# WHAT IS NEEDED
Take the whole listing and reproduce it exactly, pictures excepted.

# DATA IN THIS EXERCISE
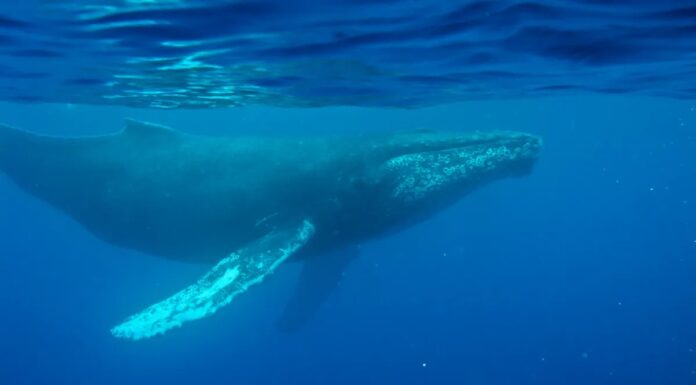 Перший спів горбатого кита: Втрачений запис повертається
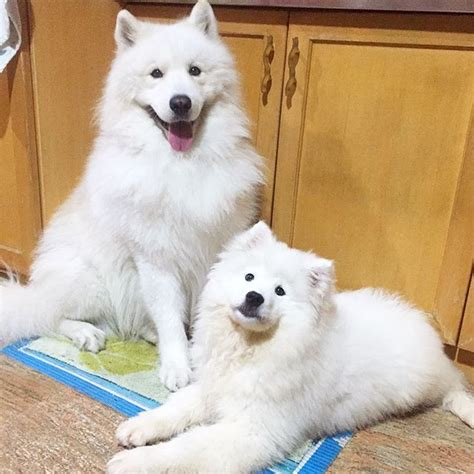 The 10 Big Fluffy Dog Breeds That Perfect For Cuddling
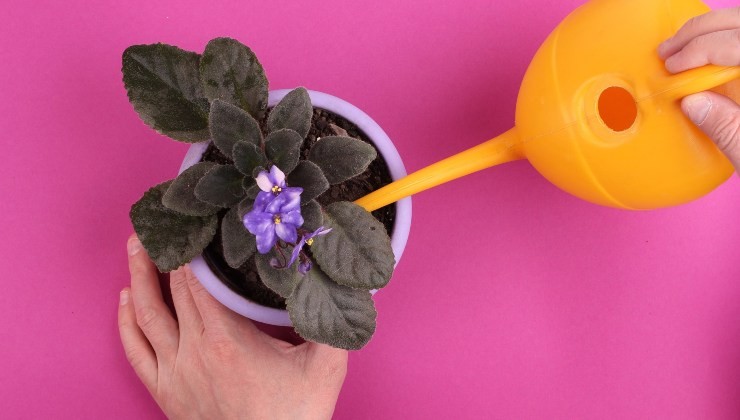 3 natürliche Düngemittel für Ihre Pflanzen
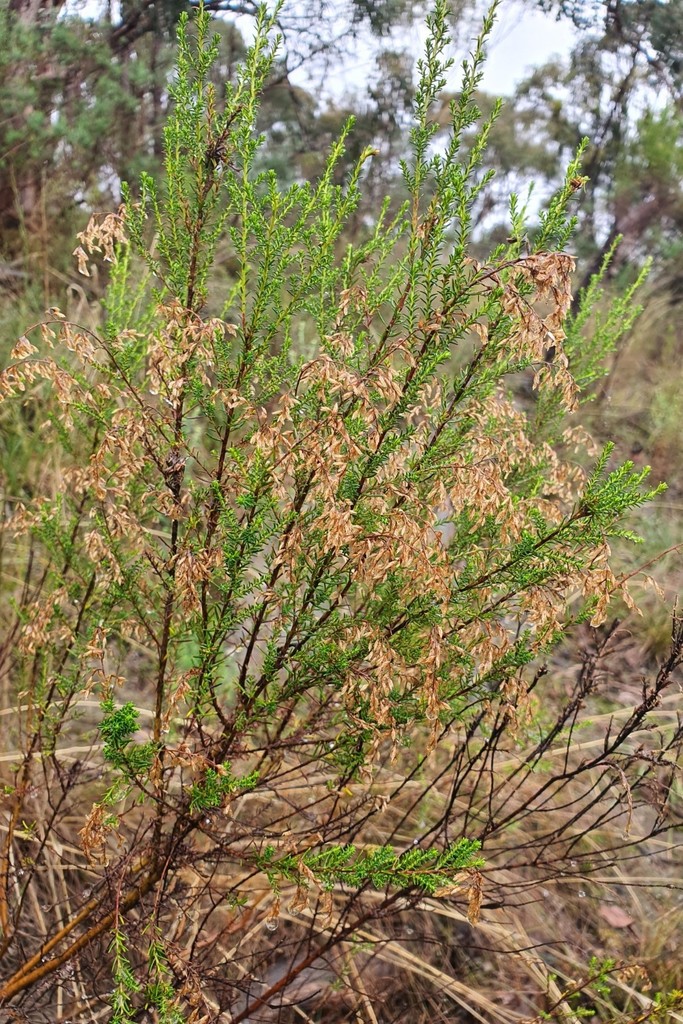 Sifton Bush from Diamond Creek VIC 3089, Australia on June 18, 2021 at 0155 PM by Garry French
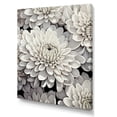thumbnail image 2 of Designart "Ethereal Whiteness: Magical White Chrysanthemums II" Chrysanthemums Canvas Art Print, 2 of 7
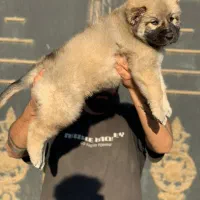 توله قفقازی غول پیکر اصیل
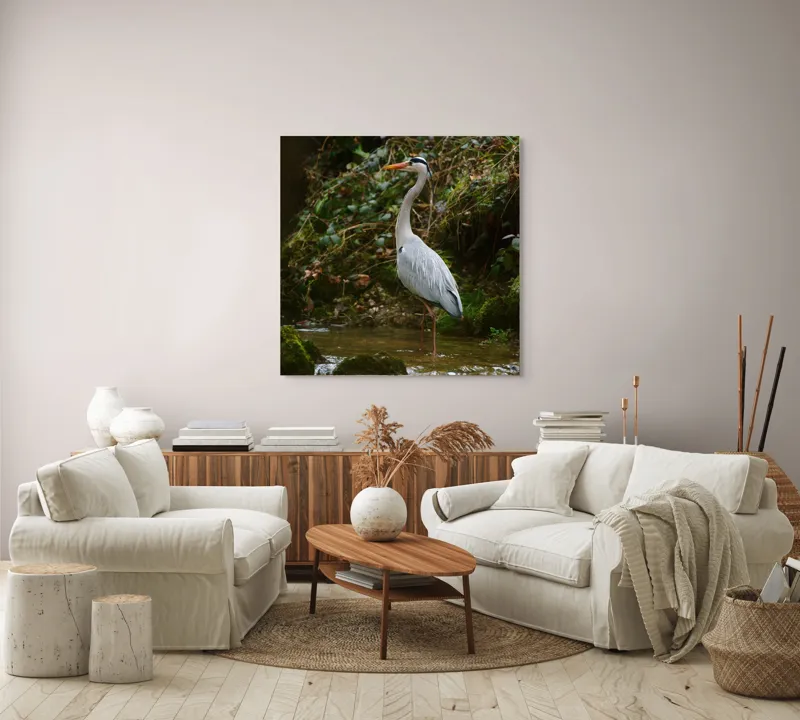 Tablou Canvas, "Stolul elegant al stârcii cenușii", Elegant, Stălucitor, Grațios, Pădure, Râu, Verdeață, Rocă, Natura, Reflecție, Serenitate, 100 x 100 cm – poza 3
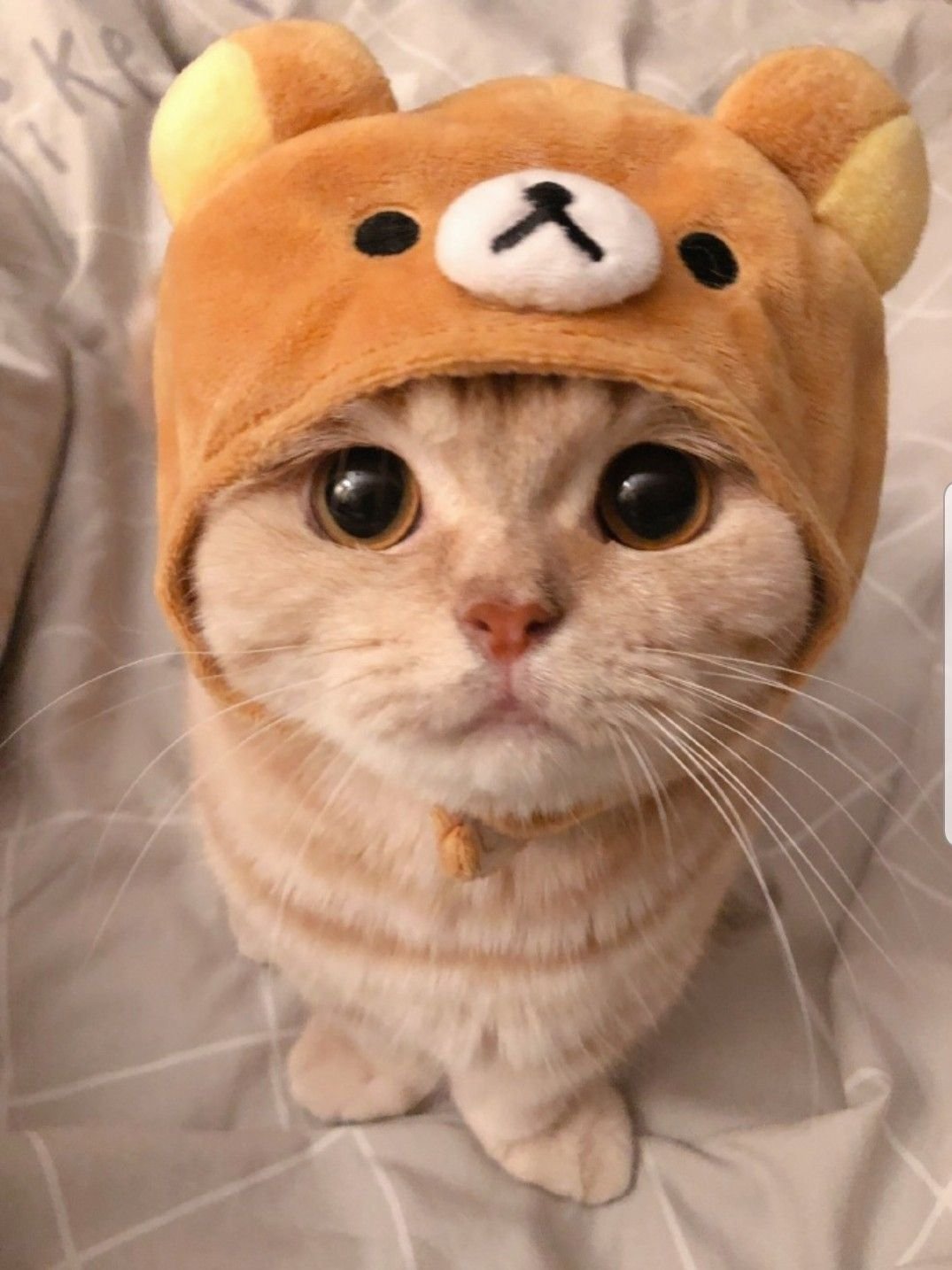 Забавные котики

# ANSWER BOX
 Перший спів горбатого кита: Втрачений запис повертається
 The 10 Big Fluffy Dog Breeds That Perfect For Cuddling
 3 natürliche Düngemittel für Ihre Pflanzen
 Sifton Bush from Diamond Creek VIC 3089, Australia on June 18, 2021 at 0155 PM by Garry French
thumbnail image 2 of Designart "Ethereal Whiteness: Magical White Chrysanthemums II" Chrysanthemums Canvas Art Print, 2 of 7
 توله قفقازی غول پیکر اصیل
 Tablou Canvas, "Stolul elegant al stârcii cenușii", Elegant, Stălucitor, Grațios, Pădure, Râu, Verdeață, Rocă, Natura, Reflecție, Serenitate, 100 x 100 cm – poza 3
 Забавные котики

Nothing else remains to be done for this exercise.